The absolute maximum range of a crossbow is about 75 yards. If you can’t hit an 8-inch circle, about the size of a deer’s vitals, at 75 yards I kindly recommend you spend more time at the range.
Ballistically Calibrated Scope
Ballistically calibrated scopes are the ones with reticle designs that predict the flight path of an arrow. Believe it or not, multi-pin sights on a vertical bow are ballistically calibrated. You have a pin for certain distances and each pin is for a different distance.
BDC reticles are exactly the same, except you can’t adjust them so you can’t go outside the parameters that the scope was designed for or it’ll be off. If you get a BDC scope then make sure you memorize which crosshair goes with which range and practice, practice, practice!
The market for crossbow sights is much larger than it was even five years ago. The major optics houses are making scopes for crossbows that are purpose driven and have special feature sets that make them go well with crossbows.
If you can’t find a scope you like and you can’t have a red dot, consider a rimfire or muzzle loading scope. Get one without a BDC and mount it up on your bow and run it.
Try to stay away from the cheap .22lr scopes because they break easy and collect water inside. But a premium muzzle loading or rimfire scope can be a last resort.
Finding the Right Scope for You
Sizing up a scope is much like sizing up a crossbow. The factors that have to be taken into consideration are the intended game, the shooter, and what ranges will the shooter encounter.

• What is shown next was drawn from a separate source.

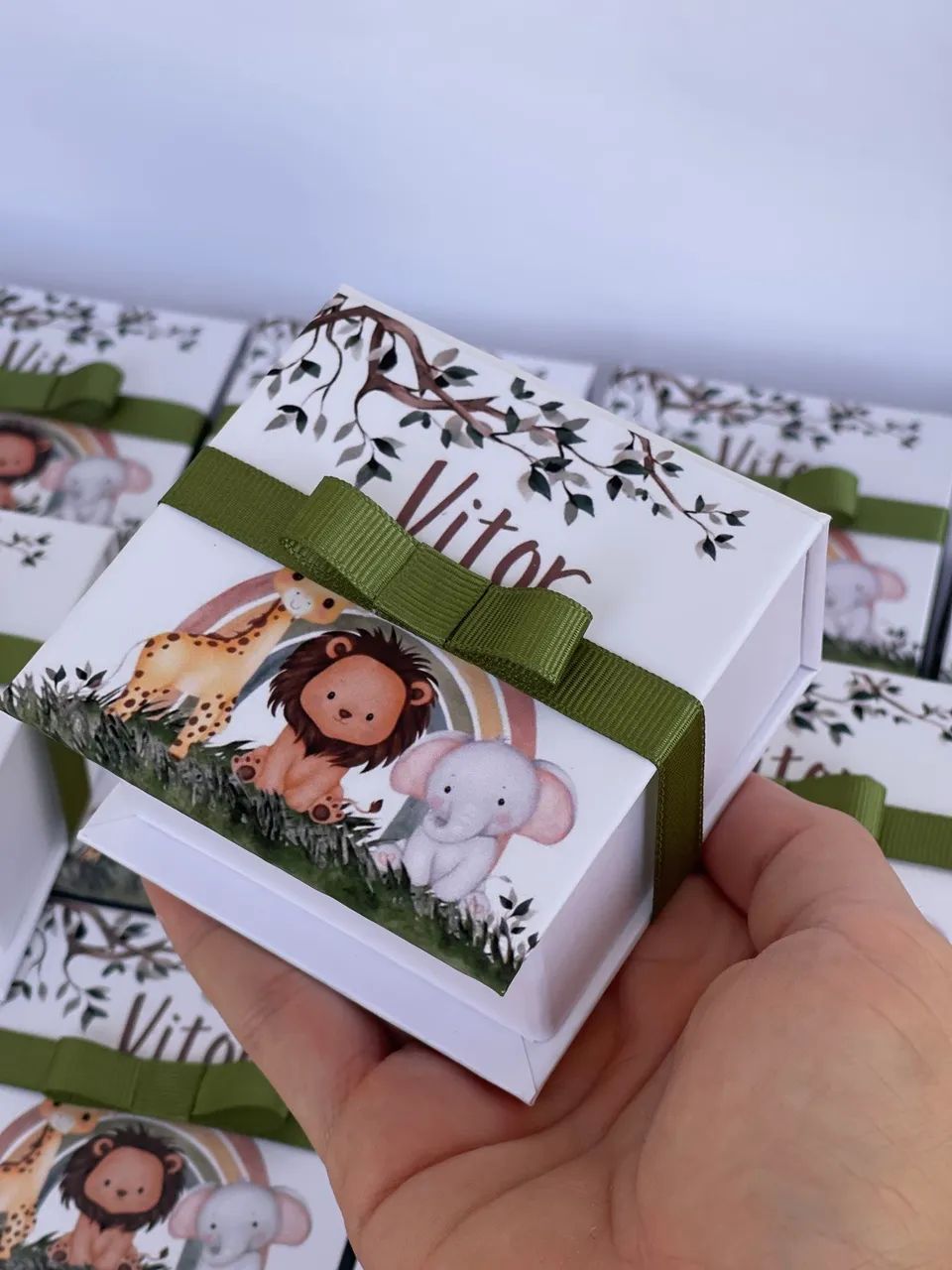 Caixa de promessas cartonada personalizada  - Foto 2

Of course, the bigger the game the more powerful the bow should be. This also means more weight and usually a greater challenge for the hunt. A scope that is lightweight and can be easily carried is suited here.
A younger or new shooter will also benefit from having a lighter scope but a bare bones approach at first is ideal. Select a scope that will allow the shooter ample magnification without hard-to-read reticles or difficult electronics sights that they’ll get hung up in the moment.

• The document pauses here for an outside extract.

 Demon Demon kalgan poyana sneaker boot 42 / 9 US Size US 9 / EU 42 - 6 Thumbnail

Think about who is hunting and what is being hunted before committing to a scope. Try to get hands-on with as many scopes as possible before you buy. That brand you’ve never heard of might be your favorite after actually seeing it.
More Helpful Tips
- If you have rifles, mimic the scopes you have on your guns to make it simpler.

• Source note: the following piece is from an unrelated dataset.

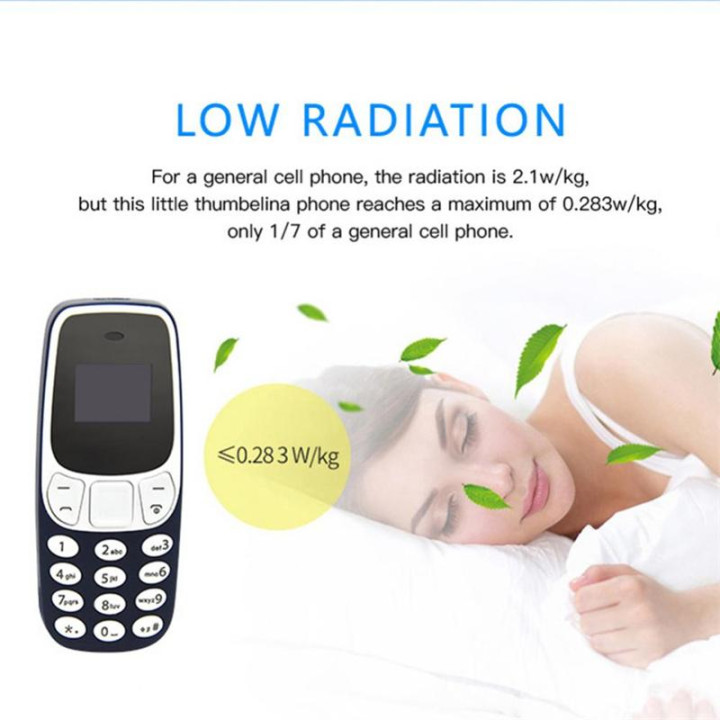 Mini teléfono móvil L8star BM10 Dual SIM | Prologyc.es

- Have the features in mind — those you want and certainly don’t want. It’ll save you time in the long run.
- Look for scopes that offer warranties, support and rebates to help you in the future.
- Don’t be afraid to take advantage of the return policy if the scope isn’t the right fit.
- Shop around to get as many demonstrations and hands-on trials possible with different scopes.
- Learn to recognize the finer point and signs of quality on a scope. Things like finishes, detents and glass quality.
Try Before You Buy
Many outfitters and gear companies have display models that you can look at and test out before you buy. Some even have mock crossbows that you can shoulder and point at targets around the store. This is immensely helpful for several reasons.
Ordering online can give you a good idea of how big the scope is or how the adjustments work, but you can’t feel or test it first-hand. The scope is the only interface you have with the crossbow and having a hands-on demonstration in a physical store is useful.
Seek out brands that you might not have considered during your online search. More than once, I’ve seen people buy exactly what they never would’ve considered after seeing an actual model.
Know What You Need
The good thing about having a crossbow is being able to archery hunt with an optic. If you’re looking to upgrade the one that came with your package or you’re assembling your own setup, take some time and think over which optic is best for what you’re doing.
The optic is the only part of the weapon you get to interact with and it gives you all the information you get about where your arrow is going. This is one of the factors that will win you a trophy at the end of the day.